Revere or else…

Posted: November 11, 2012 in Uncategorized
Tags: , , , ,

I was reluctantly catching up on news and there was Girish Karnad beaming up at the camera, after his remark became part of the legions of  breaking news, when he said Rabindranath Tagore’s plays were mediocre.

Forgive me, but how does that become breaking news (by now we should be immune to this) and why the uproar?

The journalist asked him how he could say such a thing about a Nobel Laureate. Karnad said Tagore won that award for his poetry and he didn’t question the brilliance of his poetry.

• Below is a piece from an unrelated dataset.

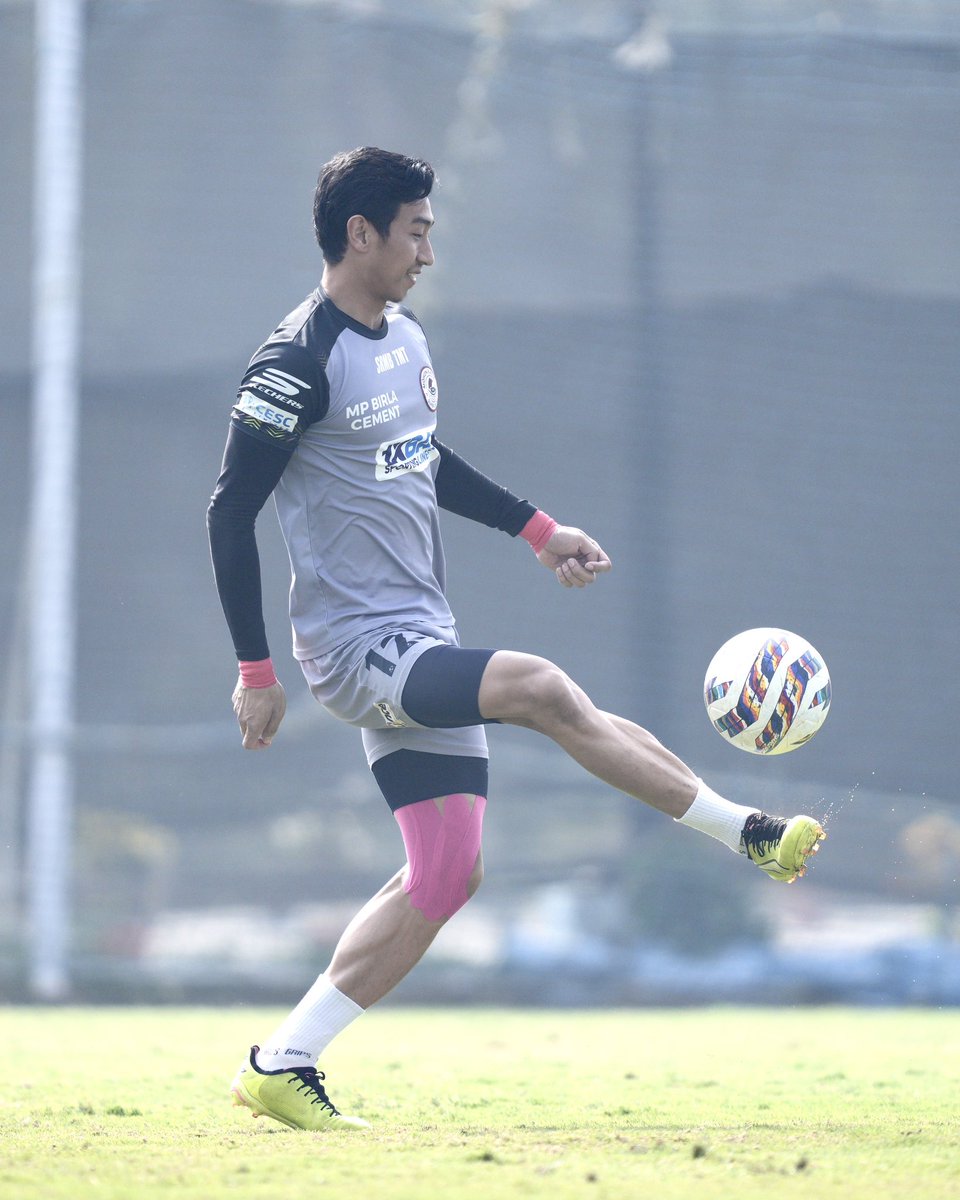 Heart on the field 😊 

#StepByStep #SlowAndSteady #Practice #Patience #GreenAndMaroon #JoyMohunBagan #DM1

The journalist refused to allow this to sink in and in a voice that seemed to be pleading to Karnad’s better side, told Karnad that Tagore had penned the National Anthem of India and was it not disrespectful to say such a thing about Tagore.

Wait! Did Karnad abuse Tagore when he said his plays were mediocre?

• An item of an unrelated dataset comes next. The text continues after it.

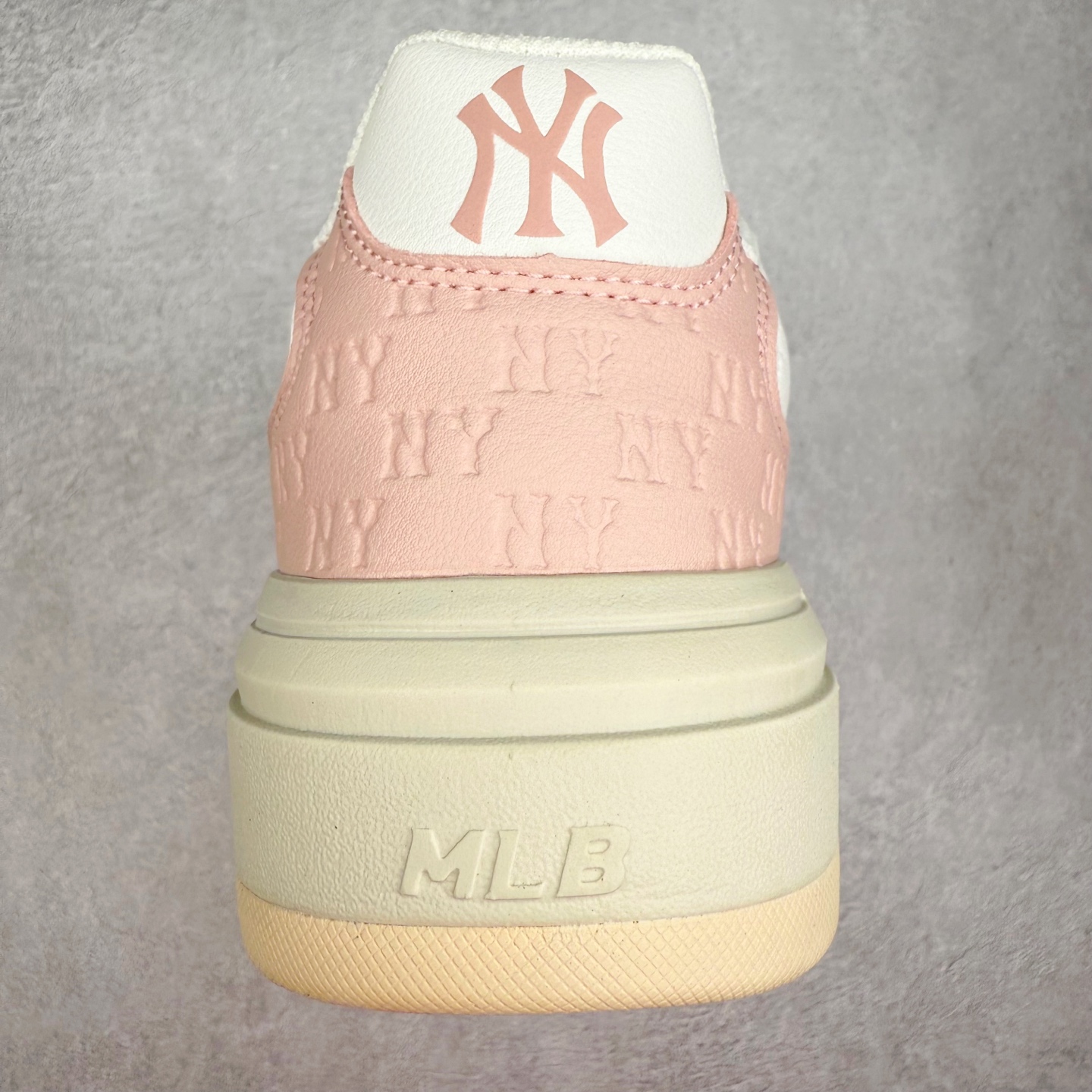 图片[8]-MLB Chunky Liner Basic 复古印花学长鞋系列低帮轻量增高厚底百搭休闲运动慢跑鞋板鞋 Korea韩国联名NY美国榄球纽约洋基队限定 韩国代购专供 全套原楦原纸板原厂数据开发 正确中底拉帮中底网布细节 平台代购专供 左脚内置芯片 韩国代购吊牌标贴 独家一比一RB+MD组合大底 高频后跟小人Logo精准对位立体饱满 正确网布加超迁鞋面 转印中底走线紧密 转印Logo工艺表层防刮不掉色 尺码：35 36 36.5 37.5 38 38.5 39 40 40.5 41 42 42.5 43 44 45-选品中心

Courtesy: from google images search

The response to art is subjective. If Tagore was alive he would have probably shrugged his shoulders and carried on with his poems, sketches, his plays. Why is the country taking it so personally?

Why is it that we cannot question or disagree or not want to fall at the feet of individuals like Mahatma Gandhi or Tagore in this case? Why should we put them in a glass showcase and place a placard outside that says ‘Revere or else…’.

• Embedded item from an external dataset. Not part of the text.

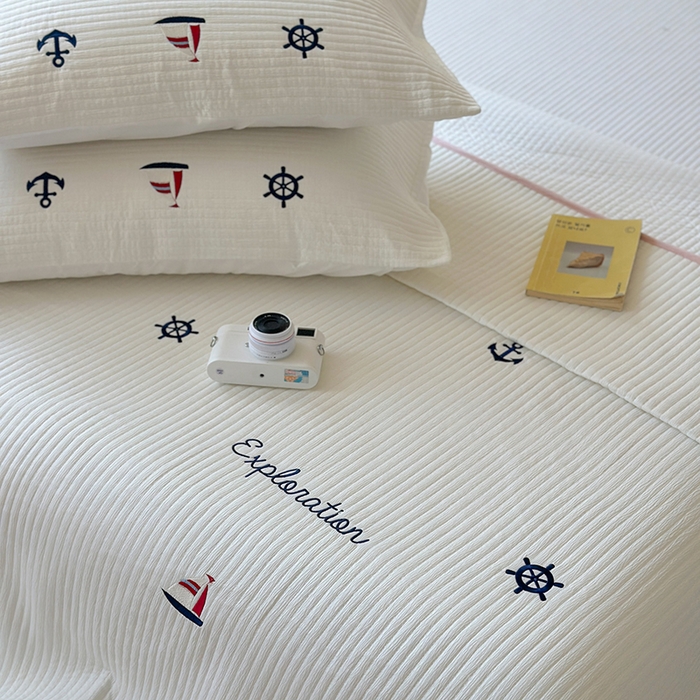 91家纺网 家纺一手货源 找家纺 优悦生活馆 2025新款皱皱纱夹棉刺绣系列床盖 帆船-白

I haven’t read a lot of Tagore and have a vague memory of his sketches at NGMA, which I quite liked. But I have the freedom to not like his plays, don’t I?  If I am particularly well-read and come from the theatre space where I have the opportunity to place Tagore’s plays among an array of plays by other playwrights, and out of the perspective i gain, rate it as mediocre would that be too presumptuous? You don’t have to buy my argument or back slap me for this astute observation…you know one man’s poison is another man’s wine or something like that, don’t you?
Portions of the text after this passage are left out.